“ Ecco lu mare “ gridarono i bambini pugliesi di San Severo di Foggia, quando per la prima volta fecero il bagno in una vasca dei bagni pubblici dell’Emilia Romagna, Marche, e Toscana, dove vennero accolti da famiglie ospitali che li trattarono come veri figli, anche se non lo erano.
Questo racconta il libro dell’antropologo Giovanni Rinaldi dal titolo “ I treni della felicità “ ( Ediesse Edizioni ), quando, come riportato dal Venerdì di Repubblica del 25 Settembre 2009, migliaia di bambini, i cui genitori erano stati arrestati dopo le occupazioni delle terre pugliesi del ’50, furono accolti da famiglie contadine della Romagna, dando vita ad un gesto straordinario e corale, che mai negli anni a venire sarebbe stato dimenticato da quei bambini diventati adulti.
L’autore parte dai tragici fatti della rivolta dei braccianti d San Severo: sfruttati fino all’inverosimile dai latifondisti, esasperati scesero in piazza il 23 Marzo del 1950, gridando << Pane e lavoro >> .
Alcun testimoni del libro raccontano delle condizioni di vita disagiate e insopportabili in cui vivevano i braccianti; abitazioni composte da una unica stanza, con bagni fatiscenti, dove talvolta trovava riparo anche l’asino o il cavallo,come nei Sassi di Matera.
Così scoppiò la rivolta, con i carretti dei contadini rovesciati per strada a formare barricate; dopo una giornata di violenti scontri con la polizia del ministro Scelba, arrivarono i carri armati dell’esercito, e la rivolta sedata registrò 180 manifestanti arrestati con l’accusa di insurrezione armata e una vittima.
Pesanti le condanne, due anni di carcere. Chi avrebbe avuto cura dei loro figli durante la prigionia?
La sinistra rispose subito all’appello, poiché già dal 1945 era attivo un Italia un movimento nazionale sorto a Milano per iniziativa della dirigente comunista Teresa Noce, dei partigiani Gruppi di difesa delle donne e della nascente Udi, e furono proprio le donne ad organizzare l’operazione dei treni della felicità, per trasferire migliaia di bambini tra i quali i settanta figli dei rivoltosi di San Severo, nelle case delle famiglie aderenti alla rete dei Comitati di solidarietà democratica che li avrebbero ospitati per periodi che vanno da alcuni mesi a un paio d’anni.

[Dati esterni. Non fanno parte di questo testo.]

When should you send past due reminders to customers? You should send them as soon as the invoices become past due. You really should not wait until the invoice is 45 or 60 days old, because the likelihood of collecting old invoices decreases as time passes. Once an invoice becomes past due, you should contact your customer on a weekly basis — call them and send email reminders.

Non si trattò di adozioni o affidi, se non in qualche raro caso,ma di una sorta di “ colonia “ protratta nel tempo, favorita dalle istituzioni che assecondarono questo flusso ( come le scuole che mostrarono disponibilità ad accogliere i nuovi allievi ) .
Il cambio di ambiente e di geografia servì come una sorta di medicina curativa per questi bambini, che si resero conto che la vita può essere diversa e appagante.

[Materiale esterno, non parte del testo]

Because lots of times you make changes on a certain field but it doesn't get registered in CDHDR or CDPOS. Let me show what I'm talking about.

Venivano curati e assistiti, sin dalla colazione mattutina, abbondante e ben fornita che questi bambini non avevano mai visto, fino al pranzo con la pasta che non mancava mai e la minestra la sera.

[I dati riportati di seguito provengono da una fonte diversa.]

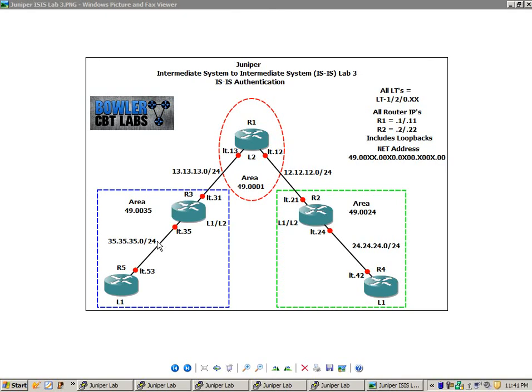So you can configure it on the whole level itself, or you can go more specific and configure it at the interface level. And what we're going to see is that if you do IS-IS authentication at the interface level, that will take precedence over the per-level IS-IS authentication.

Le vere novità erano due: il cibo e il tempo liberato dalla fatica. Annota Erminia Tancredi, una sanseverina che decise di restare per sempre ad Ancona: “ Quando mia madre veniva a trovarmi, vedeva la gente passeggiare in centro e diceva: “ Chissà dove vanno ? “
A quei tempi una donna del Sud non riusciva a concepire che esistesse del tempo libero.
Una storia di legami invisibili con la propria terra di origine, dove quasi tutti tornarono, tranne pochi che furono adottati e restarono per sempre in quelle altre regioni d’Italia, dove furono accolti con amore e a braccia aperte, cinquanta anni or sono.
Giovanni Rinaldi, l’antropologo autore della ricerca, ha confermato che di tutte le persone incontrate per il libro, nessuna ha interrotto o ha perso i contatti col suo ospite, e i rapporti sono continuati anche tra i figli di ospiti e ospitati, mentre il treno continua a correre.